Rocky Top eyes cleanup before parking project

Engineers hired to check for underground tanks


This is the former Martin Funeral Home property in downtown Rocky Top that will be cleared to create the city’s first public downtown parking lot. (photo:G. Chambers Williams III )
Rocky Top has taken one step closer to having its first public parking lot in the downtown area.

More than two years since the parking lot was proposed for the former Martin Funeral Home site at 225. S. Main St., the City Council during its May 21 meeting voted to hire the Knoxville engineering firm Ardurra Co. to check the property for underground tanks and possible leaked motor vehicle fuels in the soil.

City Manager Mike Ellis said there appears to have been a gasoline station on the site in the 1950s, and the city must remove any tanks and fuel that may have leaked into the ground.

That work is required by the U.S. Environment Protection Agency, and the city has obtained a so-called “Brownfield Grant” through the EPA to help pay to find the tanks and identify any leakage.

“If the tanks were inside the building, there would be no problem, but if they are underground, we most likely would have to apply for another grant to have them removed and then have the old funeral home building demolished” Ellis said.

“It could be another year before that happens.”

The parking lot was proposed by Mayor Kerry Templin in early 2024, and the City Council voted in March 2024 to pay up to $125,000 to buy the site.

Then on Feb. 20, 2025, the council voted to pay up to $175,000 to complete the purchase of the site to create the lot, and later that year completed the purchase.

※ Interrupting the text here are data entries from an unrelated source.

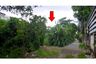 Land for sale in Talat Khwan, Nonthaburi near MRT Bang Krasor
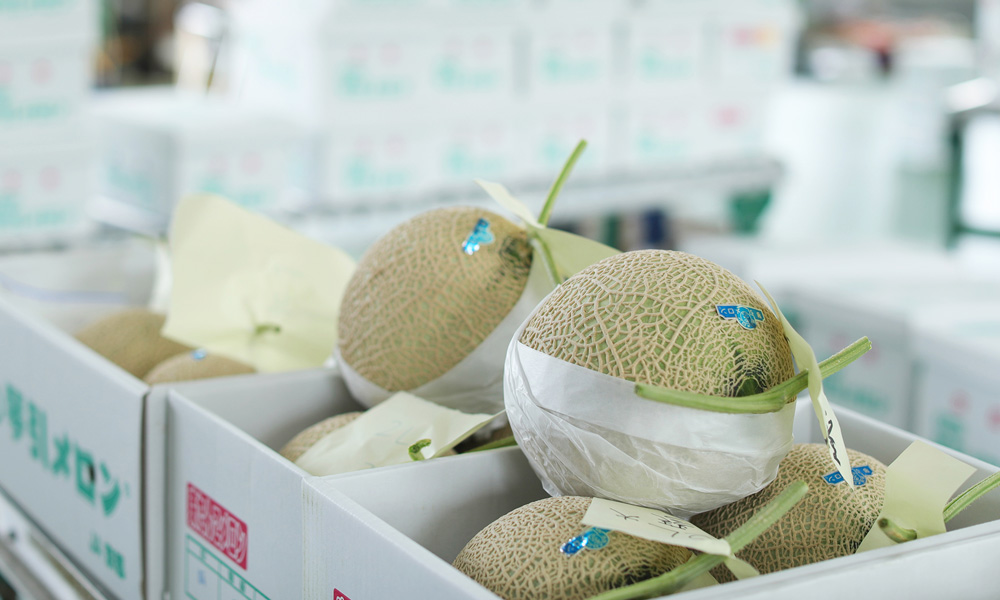 メロン（季節・時期：6月下旬～8月中旬）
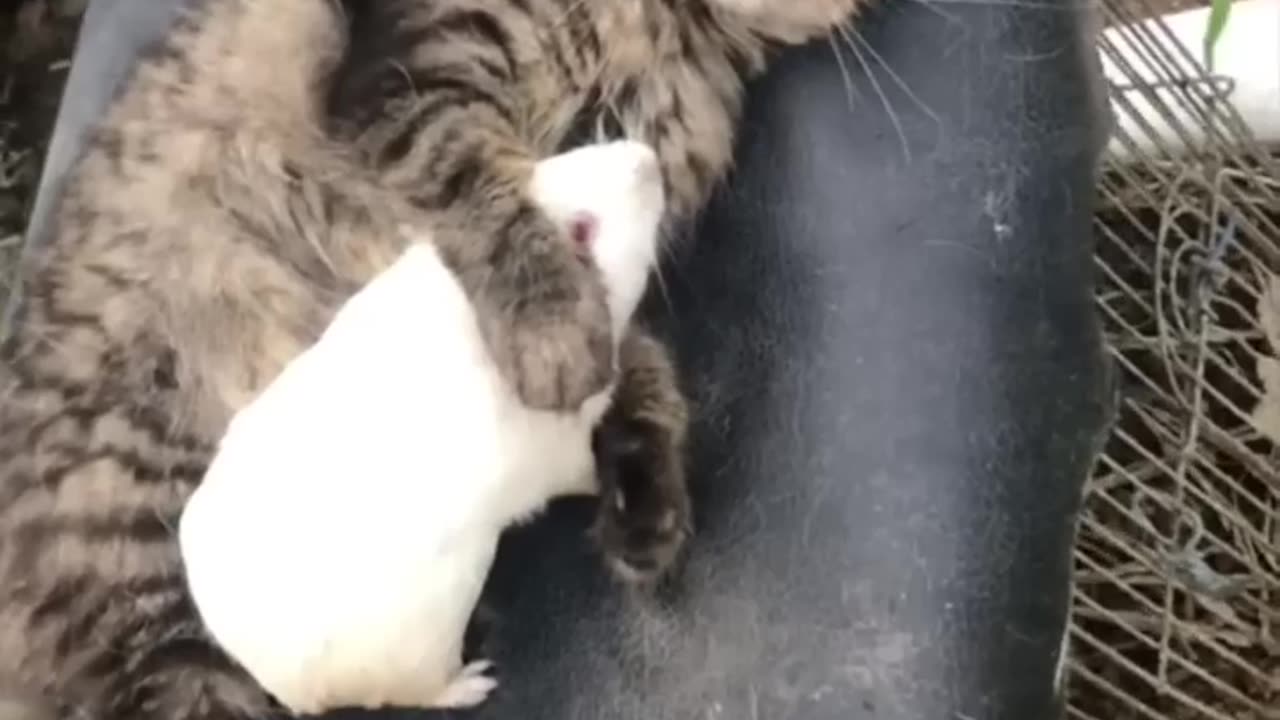Funny cat video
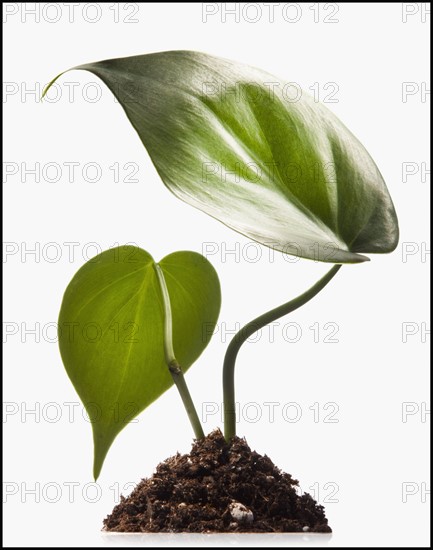 Leaves growing out of a pile of soil. Photographe : Mike Kemp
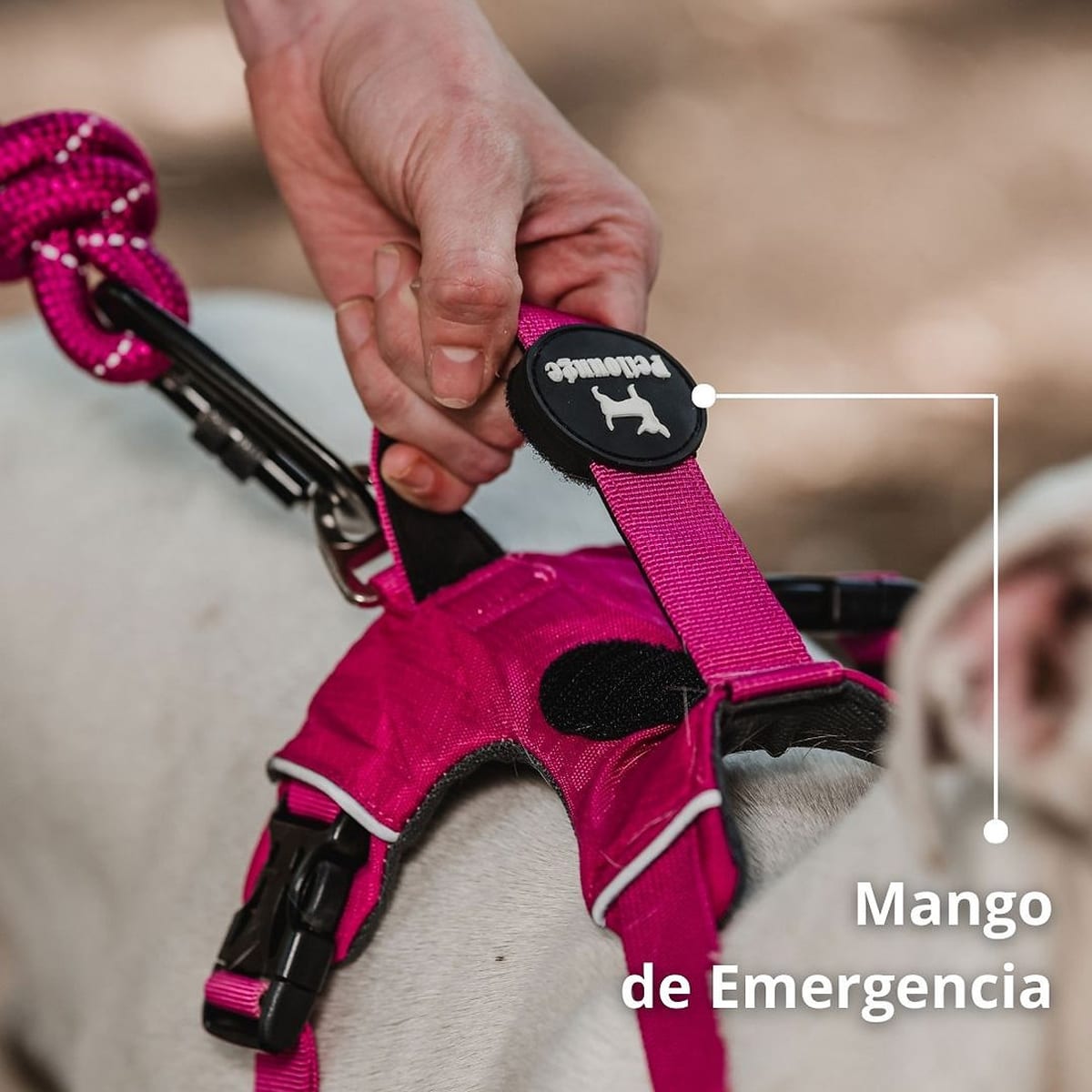 Petlounge arnés Outdoor rosado5
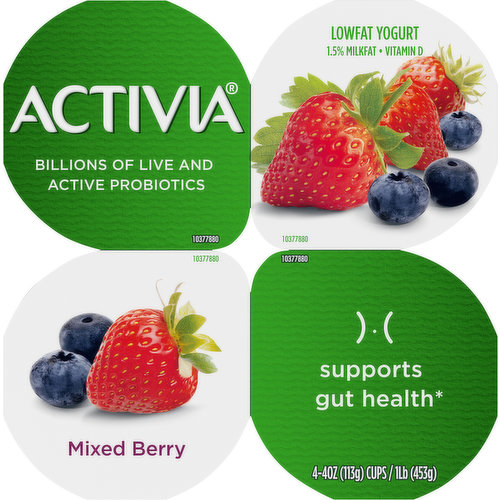 Help Support Your Gut Health with Probiotic Yogurt with Less Sugar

No progress has been made since then, pending possible remediation work on the site.

The building was most recently used for a business called the Tool Shack, but that has been closed for several years.

“We will never see development until we have dedicated parking downtown,” Templin said in 2024 when the council initially approved the offer of up to $125,000 to the owners of the property. “There is no public parking [downtown] now; all parking is privately owned.

It was nearly a year later that Ellis said the attorneys were ready to close on the sale, and that up to $175,000 might be needed to cover the $125,000 purchase price plus $15,000 in back county taxes and associated closing costs.

The council approved the amount unanimously to complete the purchase, which includes the building, which the city intends to remove, along with the vacant lot next to it that has been used as a parking lot for the tool business and a barbecue restaurant next door.

The property had been tied up in probate for several years, but in 2024 it finally became available to be sold.

Templin said part of the property was once the site of a downtown gasoline station, so there possibly are still “at least four old fuel tanks in the ground” that would need to be removed.